The instance_types are now stored in their own table: [6]


class InstanceTypes(BASE, NovaBase):
    """Represent possible instance_types or flavor of VM offered"""
    __tablename__ = "instance_types"
    id = Column(Integer, primary_key=True)
    name = Column(String(255), unique=True)
    memory_mb = Column(Integer)
    vcpus = Column(Integer)
    local_gb = Column(Integer)
    flavorid = Column(Integer, unique=True)
    swap = Column(Integer, nullable=False, default=0)
    rxtx_quota = Column(Integer, nullable=False, default=0)
    rxtx_cap = Column(Integer, nullable=False, default=0)
+    cpu_arch = Column(String(255), default='x86_64')
+    cpu_info = Column(String(255), default='')
+    xpu_arch = Column(String(255), default='')
+    xpu_info = Column(String(255), default='')
+    xpus = Column(Integer, nullable=false, default=0)
+    net_arch = Column(String(255), default='')
+    net_info = Column(String(255), default='')
+    net_mbps = Column(Integer, nullable=false, default=0)


Compute Service

The compute service is being included by:

[7]


 class ComputeService(BASE, NovaBase):
    """Represents a running compute service on a host."""
 
     __tablename__ = 'compute_services'
    id = Column(Integer, primary_key=True)  # FK service.id
    memory_mb = Column(Integer)
    local_gb = Column(Integer)
    vcpus = Column(Integer)
    id = Column(Integer, primary_key=True)
    service_id = Column(Integer, ForeignKey('services.id'), nullable=True)
    service = relationship(Service,
                           backref=backref('compute_service'),
                           foreign_keys=service_id,
                           primaryjoin='and_('
                                'ComputeService.service_id == Service.id,'
                                'ComputeService.deleted == False)')

    vcpus = Column(Integer, nullable=True)
    memory_mb = Column(Integer, nullable=True)
    local_gb = Column(Integer, nullable=True)
    vcpus_used = Column(Integer, nullable=True)
    memory_mb_used = Column(Integer, nullable=True)
    local_gb_used = Column(Integer, nullable=True)
    hypervisor_type = Column(Text, nullable=True)
    hypervisor_version = Column(Integer, nullable=True)
+     cpu_arch = Column(String(255), default='x86_64')
+    cpu_info = Column(String(255), default='')
+    xpu_arch = Column(String(255), default='')
+    xpu_info = Column(String(255), default='')
+    xpus = Column(Integer, default=0)
+    net_arch = Column(String(255), default='')
+    net_info = Column(String(255), default='')
+     net_mbps = Column(Integer, default=0)


Instance

Instances table just carries the additional fields.

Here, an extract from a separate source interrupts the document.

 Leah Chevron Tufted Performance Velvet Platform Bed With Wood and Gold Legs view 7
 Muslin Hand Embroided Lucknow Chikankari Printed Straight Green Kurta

 class Instance(BASE, NovaBase):
     """Represents a guest vm."""
.... 
     instance_type = Column(String(255))
+    cpu_arch = Column(String(255), default='x86_64')
+    cpu_info = Column(String(255), default='')
+    xpu_arch = Column(String(255), default='')
+    xpu_info = Column(String(255), default='')
+    xpus = Column(Integer, default=0)
+    net_arch = Column(String(255), default='')
+    net_info = Column(String(255), default='')
+     net_mbps = Column(Integer, default=0)


Implementation

This section should describe a plan of action (the "how") to implement the changes discussed. Could include subsections like:

UI Changes

Ideally, we should add the fields to nova-manage

Code Changes

Code changes should include an overview of what needs to change, and in some cases even the specific details.

TBD:

Migration

Include:

  • data migration, if any
  • redirects from old URLs to new ones, if any
  • how users will be pointed to the new way of doing things, if necessary.

Test/Demo Plan

This need not be added or completed until the specification is nearing beta.

Unresolved issues

This should highlight any issues that should be addressed in further specifications, and not problems with the specification itself; since any specification with problems cannot be approved.

BoF agenda and discussion

Use this section to take notes during the BoF; if you keep it in the approved spec, use it for summarising what was discussed and note any options that were rejected.